1. Makna Primus inter pares dalam MWA UPI

Primus inter pares berarti Ketua MWA dipilih dari dan oleh anggota MWA, serta memiliki kedudukan setara secara substantif dengan anggota lainnya. Keistimewaan Ketua MWA bersifat fungsional, bukan hierarkis, yaitu:

  • Memimpin dan mengoordinasikan jalannya rapat MWA;
  • Menjaga tertibnya proses musyawarah dan pengambilan keputusan;
  • Mewakili MWA secara kelembagaan tanpa mengambil alih kewenangan kolektif anggota.

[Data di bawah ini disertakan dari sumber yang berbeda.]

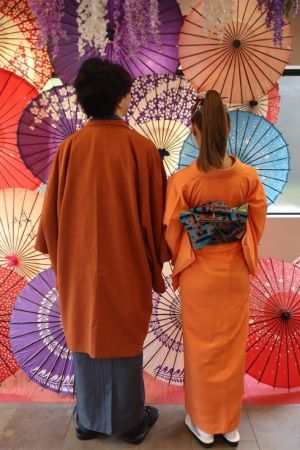 小紋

Dengan demikian, kepemimpinan MWA tidak berorientasi pada figur, melainkan pada sistem dan mekanisme bersama.


2. Implementasi Kepemimpinan Kolektif dalam Pengambilan Keputusan

Dalam praktik tata kelola MWA UPI:

  • Setiap keputusan strategis ditetapkan melalui rapat MWA dan disepakati secara kolektif, baik melalui musyawarah mufakat maupun mekanisme pemungutan suara.
  • Hak suara dan hak berpendapat setiap anggota MWA memiliki bobot yang sama, termasuk Ketua MWA.
  • Ketua MWA tidak memiliki kewenangan unilateral untuk menetapkan kebijakan di luar keputusan bersama.

Hal ini mencerminkan bahwa otoritas tertinggi berada pada forum MWA, bukan pada individu pimpinan.

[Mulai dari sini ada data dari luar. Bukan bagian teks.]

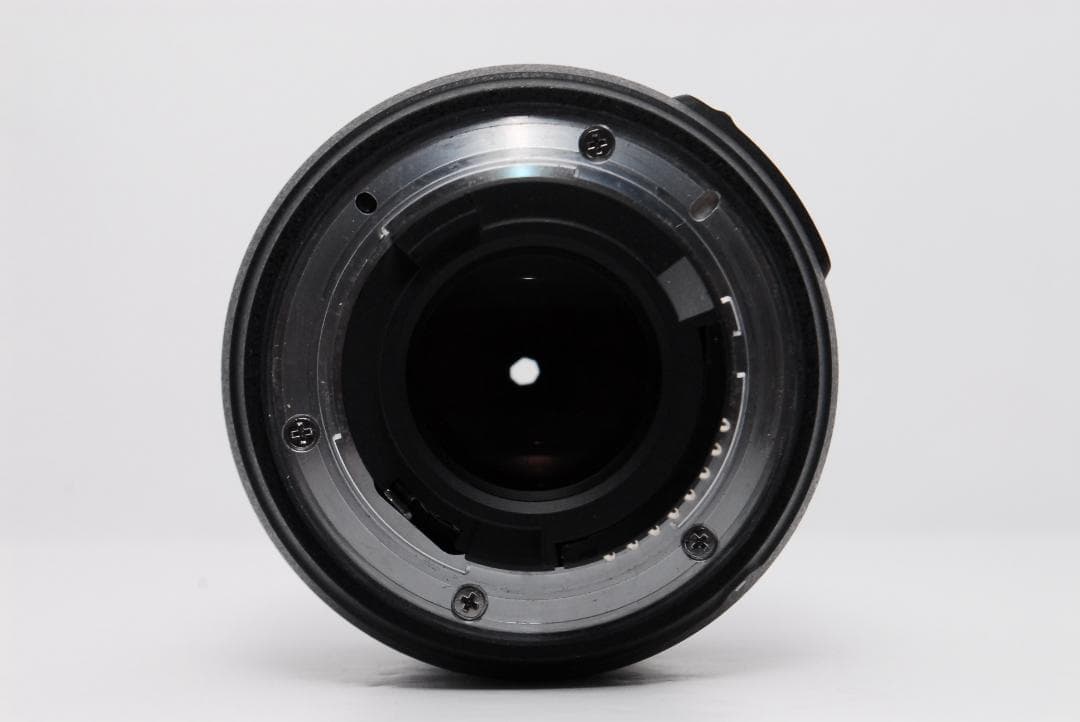 Kou美品Nikon AF-S NIKKOR 35mm F1.8G DX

3. Hubungan Kepemimpinan Kolektif dengan Statuta UPI

Statuta UPI mengatur bahwa:

  • MWA merupakan organ kolektif yang menjalankan fungsi penetapan kebijakan umum dan pengawasan non-akademik universitas.
  • Ketua MWA menjalankan peran sesuai ketentuan Statuta dan tata tertib MWA, bukan sebagai atasan struktural anggota.
  • Setiap tindakan dan keputusan Ketua MWA harus berdasarkan mandat forum MWA.

Dengan pengaturan ini, Statuta UPI memperkuat praktik kepemimpinan kolektif berbasis primus inter pares.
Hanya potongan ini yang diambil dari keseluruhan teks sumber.